Saturday, October 8, 2022

Dryden, Ontario

 



Not only does Canada have a Continental Divide, it also has an Arctic Divide, an east-west line that is the separation point of rivers running into Hudson Bay and on into the Arctic and rivers funneling into the Great Lakes.  It’s not as far north as one might suppose, as I crossed it yesterday, well from the Arctic Circle, though not its cold winds. A northerly dropped the temperature to the twenties with it just twenty-seven when I broke camp my first night north of the Arctic Divide.  The cold wind even brought a few late afternoon snow flurries.
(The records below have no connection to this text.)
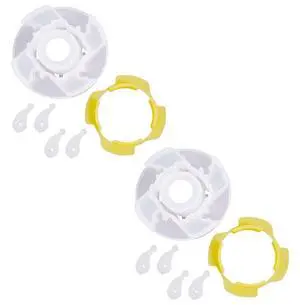 285809 Cam Agitator Repair Kit Compatible with Top Brand Replacement with AH334648, EA334648, 470910, PS334648, AP3094543, 39516822, 85809VP, and 3951650 2-PACK 285809 Cam Agitator Repair Kit Compatible with Top Brand Replacement with AH334648, EA334648, 470910, PS334648, AP3094543, 39516822, 85809VP, and 3951650 2-PACK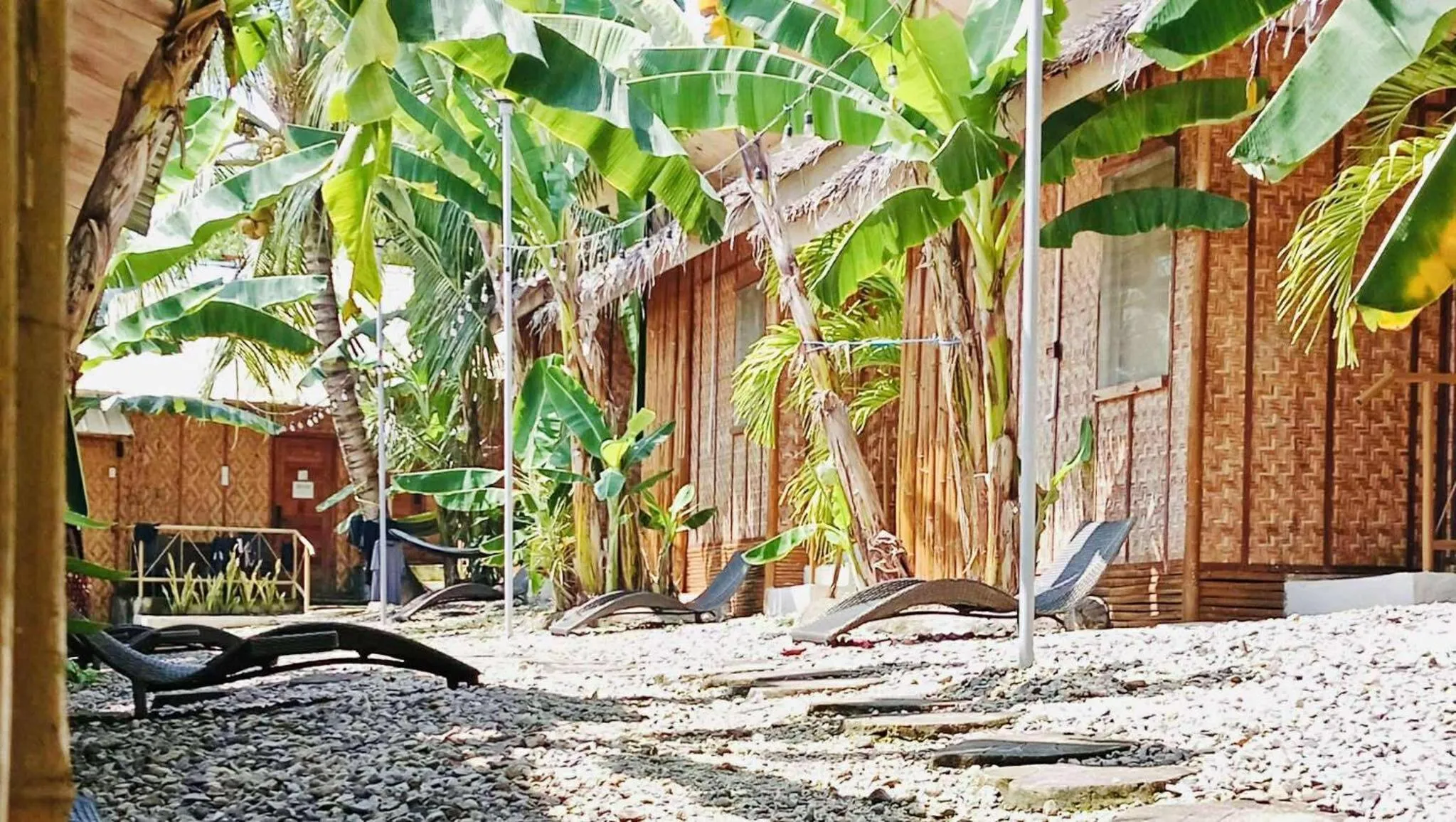 Property building in Ecostay Panglao Resort Hotel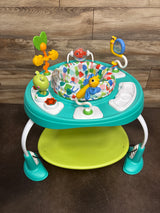 Bright Starts Bounce Bounce 2-in-1 Activity Center, Playful Pond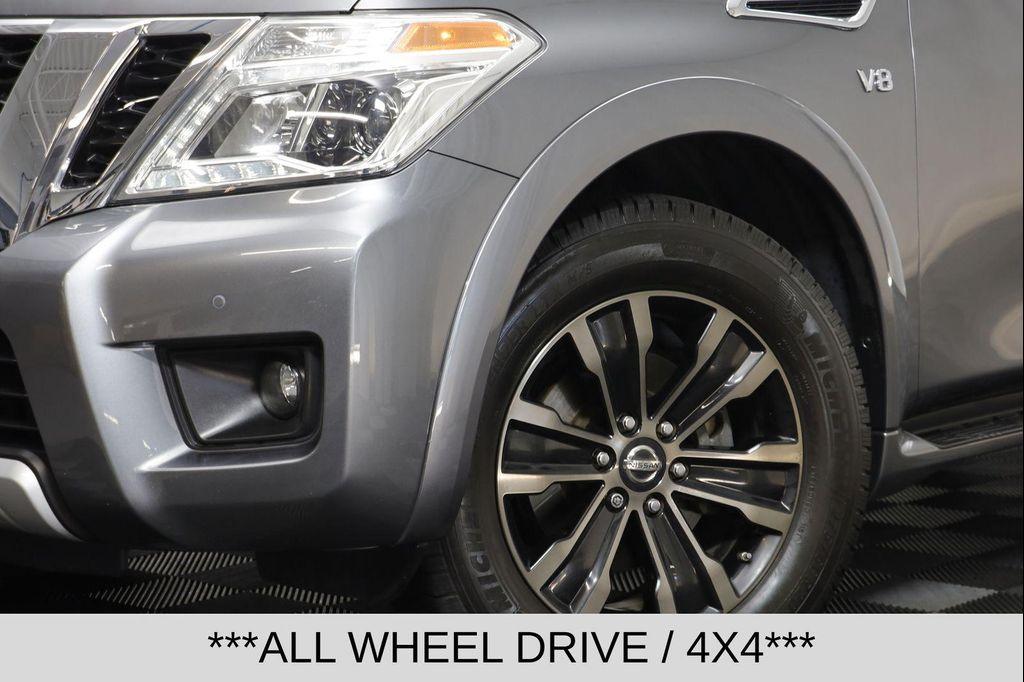 used 2017 Nissan Armada car, priced at $23,995
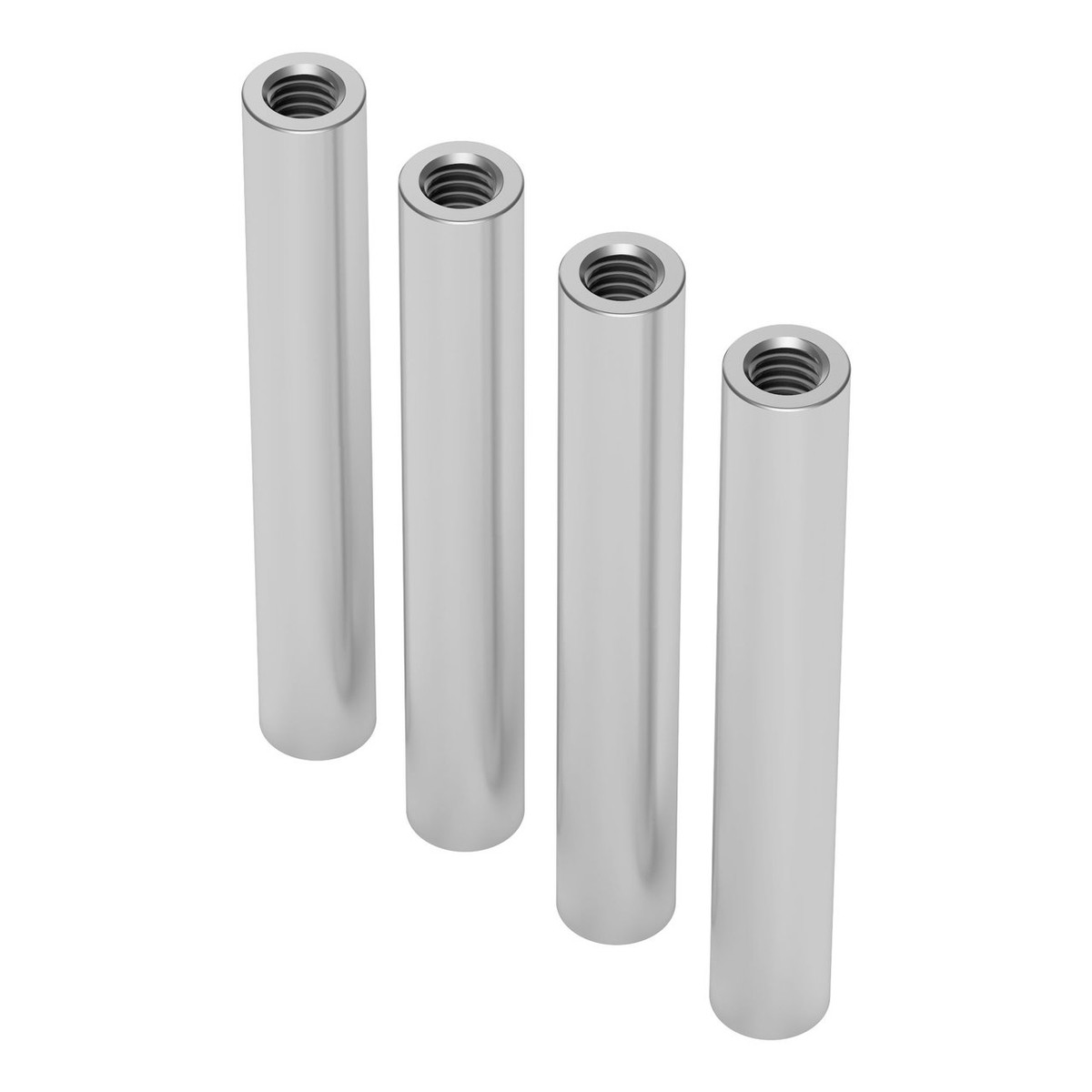 1501 Series M4 x 0.7mm Standoff (6mm OD, 42mm Length) - 4 Pack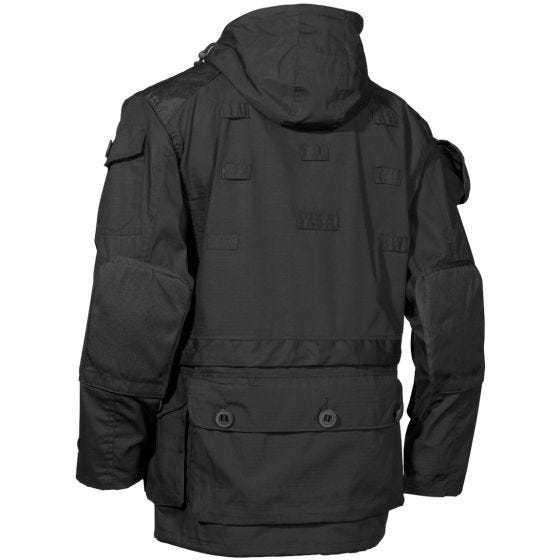 MFH Commando Smock-Jacke Schwarz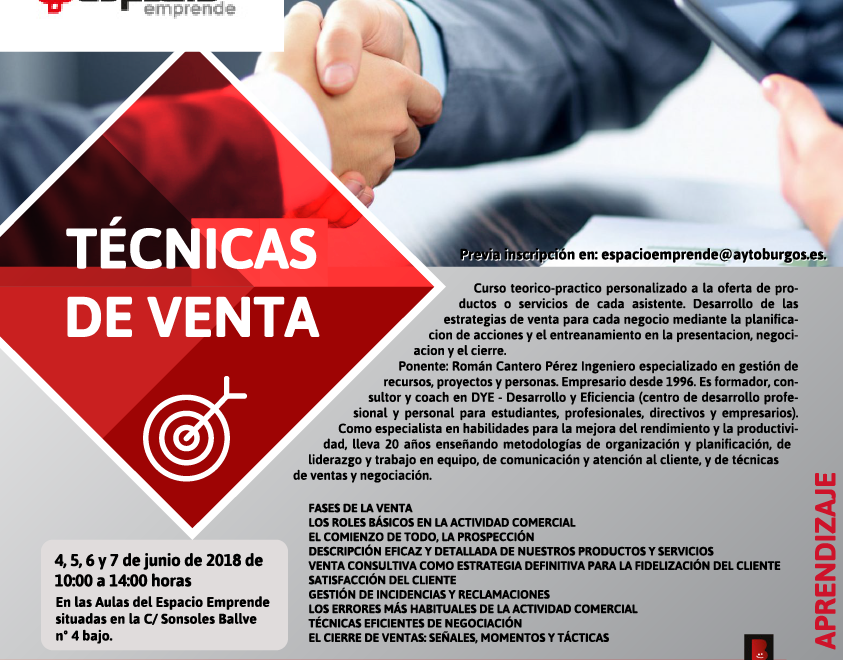 Curso de ventas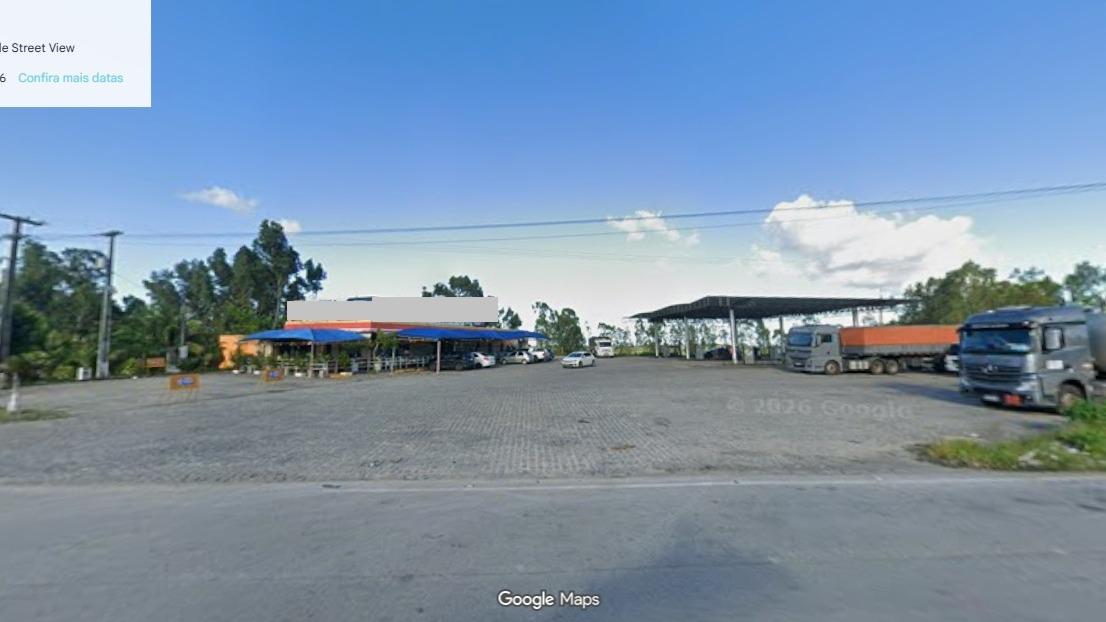 Prédio próprio para posto de gasolina, salão para restaurante, sanitário e banheiros na BR 101, Km 48 em Mamanguape/PB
I couldn’t have been happier when I came upon a picnic area with heated rest rooms and a pair of electric outlets.  With towns few and far between in this wilderness area it’d been several hours before I’d come upon a place offering warmth to stop and rest and eat. I was hoping such rest areas would be a feature of this main artery that continues on to Winnipeg and Vancouver, but the only rest area in the next one hundred miles merely offered latrines.  That was a bummer, what with the temperature just above freezing.

It takes a long time for the sun to raise the temperature, barely one degree per hour.  It wasn’t until after noon when it edged above freezing.  Any billboard in the distance is a welcome site, as they often announce an inn or cafe and how many kilometers further it might be. It’s usually twenty or more kilometers, but at least it gives me something to look forward to.  

One sign offered cabins for twenty-five dollars per person.  I’d have seized upon that if it had come at the end of the day.  One resort on a lake advertised “water-proof cabins.”  Others advertised air-conditioning and WiFi.  I did come upon a solitary rustic motel near dusk several days ago.  There were no cars parked in front of its eight rooms, so I feared it might not be open.  The woman in the office said rooms went for $101 including tax.  I asked if she’d take $70.  She testily snapped, “I’ll take $101,”  evidently tired of others asking for a discount.  So I had a pleasant night in my tent and was $70 richer and she $70 poorer.  It just meant I had to wait until late the next afternoon for WiFi and the chance to add some charge to my devices and batteries other than what my generator hub could provide.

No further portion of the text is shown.